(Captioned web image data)

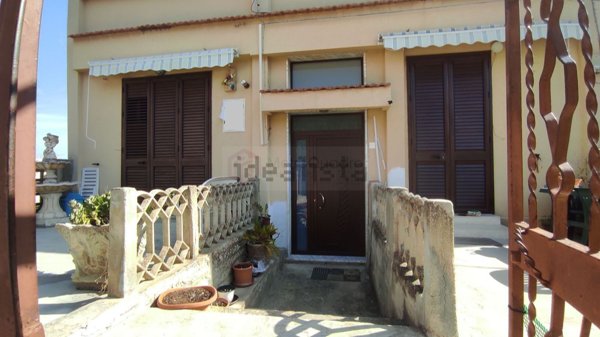 casa indipendente in vendita a Vittoria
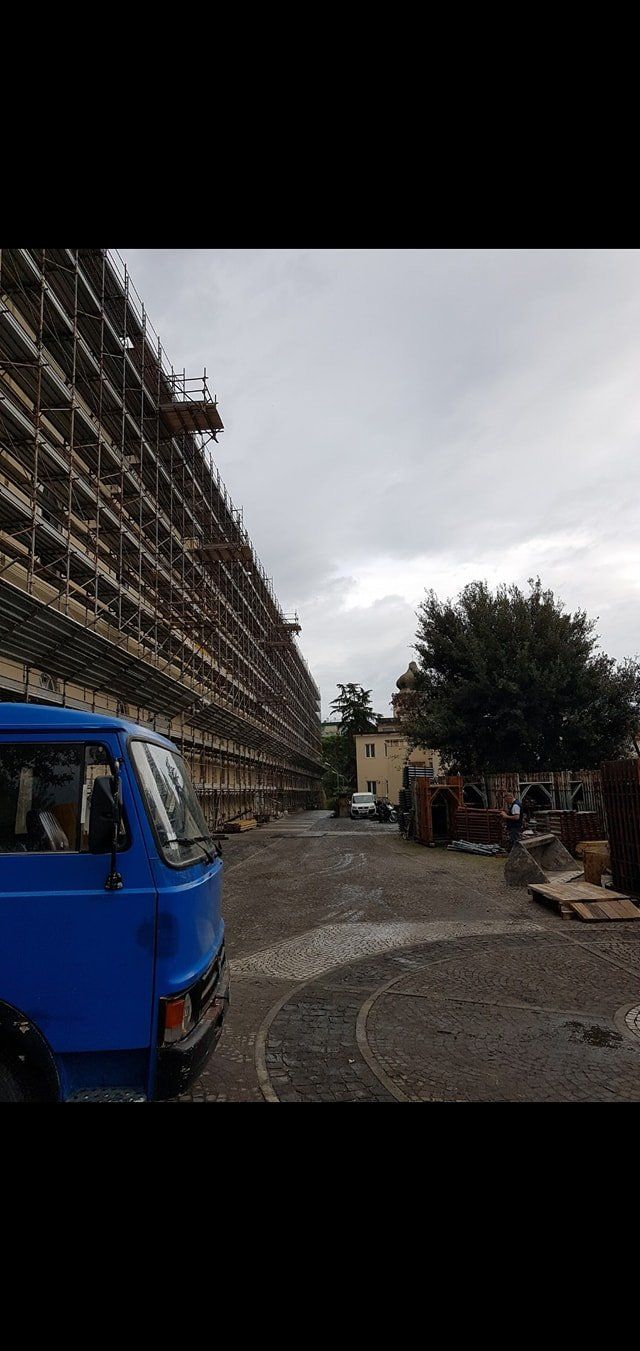 furgone con materiali per allestimento ponteggio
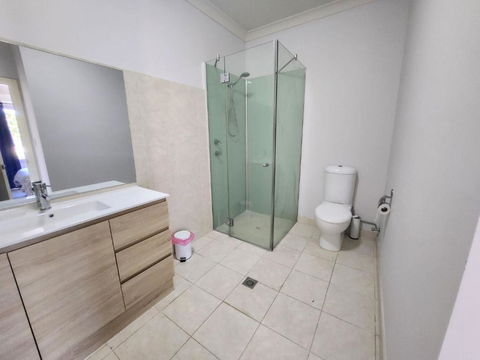 Sandy Feet - Australian Directory 3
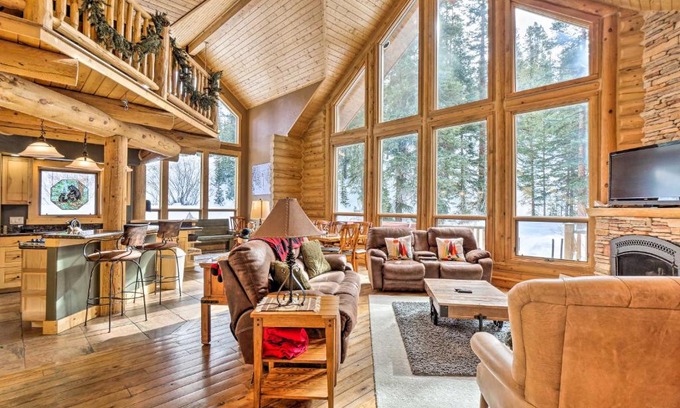 Valley of the Blue House | Rustic Cabin with Hot Tub and Deck in Breckenridge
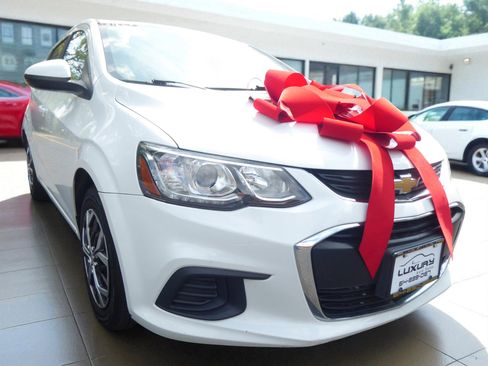 Used 2018 Chevrolet Sonic LT image 3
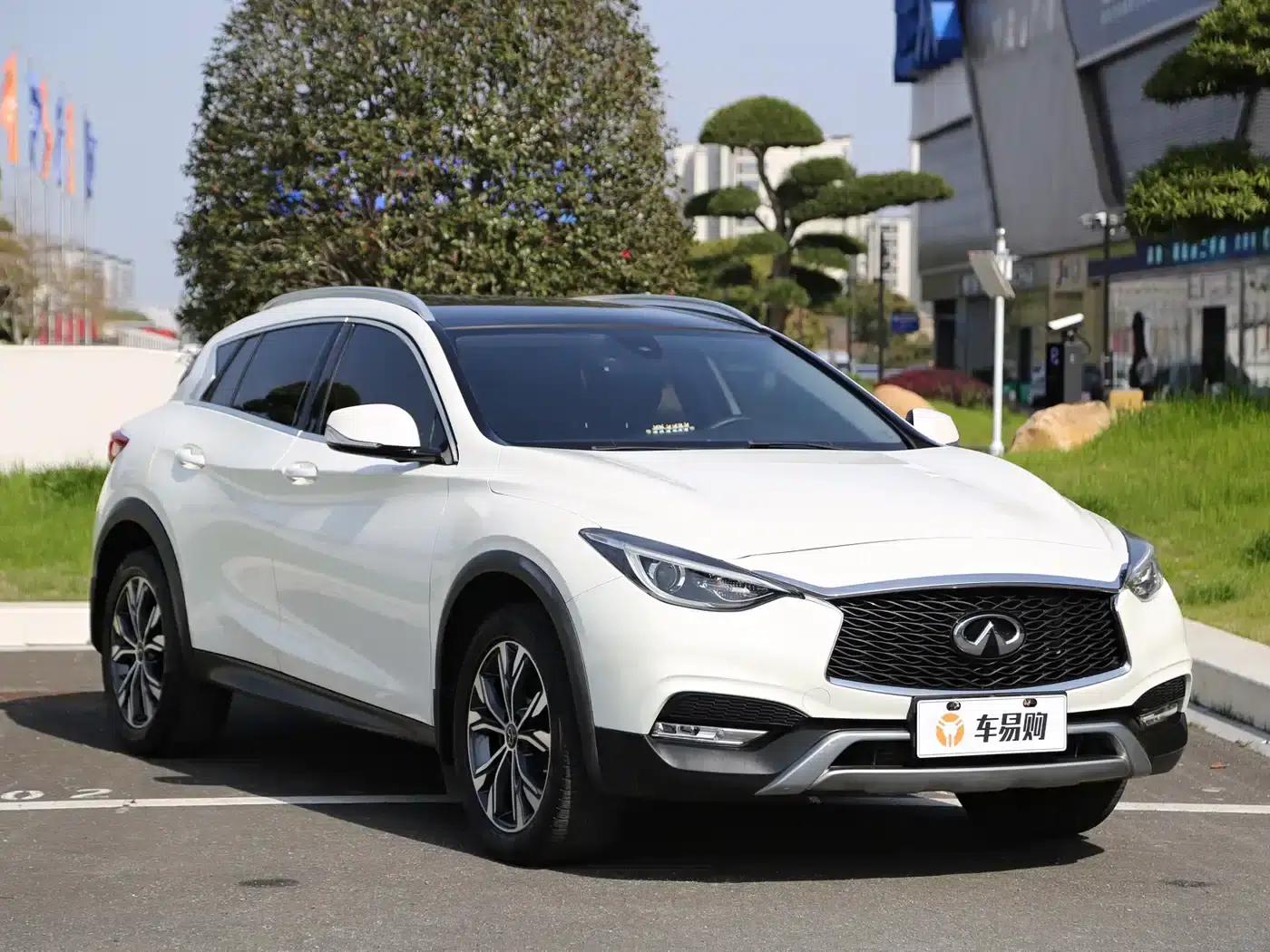 Infiniti QX30 2017 1.6T 2WD Sport Edition — миниатюра 3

*Task:*
When you reach the line containing "Valley of the" in the records above, write out that line and every line after it through the end, exactly, but omit the pictures.

*Answer below:*
 Valley of the Blue House | Rustic Cabin with Hot Tub and Deck in Breckenridge
 Used 2018 Chevrolet Sonic LT image 3
 Infiniti QX30 2017 1.6T 2WD Sport Edition — миниатюра 3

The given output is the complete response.